Despite growing pains faced by teachers and students suddenly forced to learn in front of computers, the overall impact on the ability of students to learn was unknown. Months later, though, the evidence now shows many children are failing their online classes. Remote education may be fine for some adults, but most kids need to be in schools with their teachers and classmates.
And the emerging statistics are even more troubling for certain demographics.
Take Virginia, for example. As education reporter Hannah Natanson writes in The Washington Post, “A report on student grades from one of the nation’s largest school districts offers some of the first concrete evidence that online learning is forcing a striking drop in students’ academic performance, and that the most vulnerable students — children with disabilities and English-language learners — are suffering the most.”
Natanson adds, “Fairfax’s data shows that children who are engaged and care deeply about school — children in stable home situations, whose parents have sufficient resources — will stay engaged in an online environment, while children whose temperament, socioeconomic status or home situation have historically barred them from academic achievement will slip further and further behind.”
Across the country, the results are equally alarming.
“A study of 4.4 million students,” reports The Washington Free Beacon, “found that test scores of black, Hispanic, and poor children took the biggest hit from school closures. Math scores of vulnerable students dropped up to 10 percentage points from last year. Minority parents in California are suing the state over its mandatory school lockdowns, which the plaintiffs claim have left their children behind. Furthermore, a large study in October found that schools aren’t driving infections.”
In Montgomery County, Maryland (the state’s largest school district), The Washington Post reports, “More than 36 percent of ninth-graders from low-income families failed the first marking period in English. That compares with fewer than 6 percent last year, when the same students took English in eighth grade.”
Such clear evidence might force teachers unions and politicians to reconsider their support of lockdowns. After all, even Dr. Anthony Fauci now says the classroom is the best place for the intellectual and psychological well-being of students, after having repeatedly and wrongly expressed the opposite opinion for months.
So now that we know online learning is leaving many children behind, isn’t it time to get them back into the classroom? The data continue to clearly show that young people are the least vulnerable of all groups to COVID-19.
Not so fast.
Democrat politicians and teachers unions don’t want to send kids back to school, knowing all along that it’s hurting the very children they claim to care about. Instead, they’re using the issue to push a broader agenda.

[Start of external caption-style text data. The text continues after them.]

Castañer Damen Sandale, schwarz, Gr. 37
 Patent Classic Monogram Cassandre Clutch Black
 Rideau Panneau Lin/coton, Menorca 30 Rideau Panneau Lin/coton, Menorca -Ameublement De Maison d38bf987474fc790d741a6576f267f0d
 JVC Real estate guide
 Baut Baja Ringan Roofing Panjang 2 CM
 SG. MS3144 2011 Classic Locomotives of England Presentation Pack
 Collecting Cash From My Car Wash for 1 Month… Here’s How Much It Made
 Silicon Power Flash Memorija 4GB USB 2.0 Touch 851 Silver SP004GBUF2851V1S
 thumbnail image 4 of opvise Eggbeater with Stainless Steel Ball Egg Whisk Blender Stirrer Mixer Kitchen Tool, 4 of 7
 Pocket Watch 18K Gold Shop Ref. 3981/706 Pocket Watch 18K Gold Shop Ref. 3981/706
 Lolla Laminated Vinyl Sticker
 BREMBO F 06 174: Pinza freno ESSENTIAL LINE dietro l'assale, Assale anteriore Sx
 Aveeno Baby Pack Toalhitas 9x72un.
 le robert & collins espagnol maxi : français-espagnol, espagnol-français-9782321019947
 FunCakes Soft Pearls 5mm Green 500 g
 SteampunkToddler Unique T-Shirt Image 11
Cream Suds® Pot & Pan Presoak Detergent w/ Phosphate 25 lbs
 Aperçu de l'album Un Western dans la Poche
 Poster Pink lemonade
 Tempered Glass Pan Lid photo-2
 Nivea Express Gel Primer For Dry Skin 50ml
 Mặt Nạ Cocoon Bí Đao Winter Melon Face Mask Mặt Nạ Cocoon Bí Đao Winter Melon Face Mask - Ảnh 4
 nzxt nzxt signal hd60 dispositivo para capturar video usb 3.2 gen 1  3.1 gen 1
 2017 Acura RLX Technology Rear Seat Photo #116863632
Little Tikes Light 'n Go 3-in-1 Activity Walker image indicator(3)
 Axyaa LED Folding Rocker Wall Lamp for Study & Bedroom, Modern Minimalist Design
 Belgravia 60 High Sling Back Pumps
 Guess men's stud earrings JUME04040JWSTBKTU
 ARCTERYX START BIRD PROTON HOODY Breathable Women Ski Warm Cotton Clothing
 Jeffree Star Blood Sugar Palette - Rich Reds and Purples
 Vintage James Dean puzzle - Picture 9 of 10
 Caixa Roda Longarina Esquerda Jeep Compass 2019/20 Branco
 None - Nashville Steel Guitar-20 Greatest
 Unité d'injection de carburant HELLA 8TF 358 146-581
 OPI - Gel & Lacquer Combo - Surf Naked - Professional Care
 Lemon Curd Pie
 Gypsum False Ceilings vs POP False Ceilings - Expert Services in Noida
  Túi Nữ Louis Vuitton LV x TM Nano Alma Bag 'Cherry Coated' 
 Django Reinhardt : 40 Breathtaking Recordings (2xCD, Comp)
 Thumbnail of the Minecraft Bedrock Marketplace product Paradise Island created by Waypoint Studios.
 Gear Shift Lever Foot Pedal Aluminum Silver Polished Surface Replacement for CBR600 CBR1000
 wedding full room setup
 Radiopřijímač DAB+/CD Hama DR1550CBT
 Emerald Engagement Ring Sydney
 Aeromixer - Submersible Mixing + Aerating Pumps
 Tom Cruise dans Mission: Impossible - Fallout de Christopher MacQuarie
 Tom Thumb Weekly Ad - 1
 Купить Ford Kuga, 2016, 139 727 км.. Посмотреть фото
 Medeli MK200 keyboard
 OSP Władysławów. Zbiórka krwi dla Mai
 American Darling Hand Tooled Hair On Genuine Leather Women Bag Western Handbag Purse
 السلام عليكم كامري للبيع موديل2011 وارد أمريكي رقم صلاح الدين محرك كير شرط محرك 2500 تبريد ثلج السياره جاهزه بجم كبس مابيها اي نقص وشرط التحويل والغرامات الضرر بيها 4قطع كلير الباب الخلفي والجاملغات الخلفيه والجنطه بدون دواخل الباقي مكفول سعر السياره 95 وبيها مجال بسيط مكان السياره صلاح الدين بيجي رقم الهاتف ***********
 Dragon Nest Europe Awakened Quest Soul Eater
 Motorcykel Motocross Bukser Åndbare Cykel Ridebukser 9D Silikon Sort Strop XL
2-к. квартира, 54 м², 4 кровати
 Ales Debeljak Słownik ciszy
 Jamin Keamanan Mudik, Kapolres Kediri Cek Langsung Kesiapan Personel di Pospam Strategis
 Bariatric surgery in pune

As Reason Foundation school-choice director Corey DeAngelis writes, “In their report on safely reopening schools, for example, the Los Angeles’ teachers union went beyond detailing the safety needs of teachers and students, also calling for politicians to enact a wealth tax, Medicare for All, and a ban on charter schools.”
Just once, it’d be nice if teachers unions put kids’ well-being ahead of political expediency, but that’s probably too much to ask. They’ll hold children hostage for as long as they can get away with it.
Fortunately, some parents are growing tired of watching children increasingly become victims of misguided political decisions, and they’re speaking out to get kids back in school sooner rather than later.
For all the talk we hear about “listening to the science” when it comes to COVID-19, no one seems to be listening to what the data now clearly show: Online learning is hurting America’s students.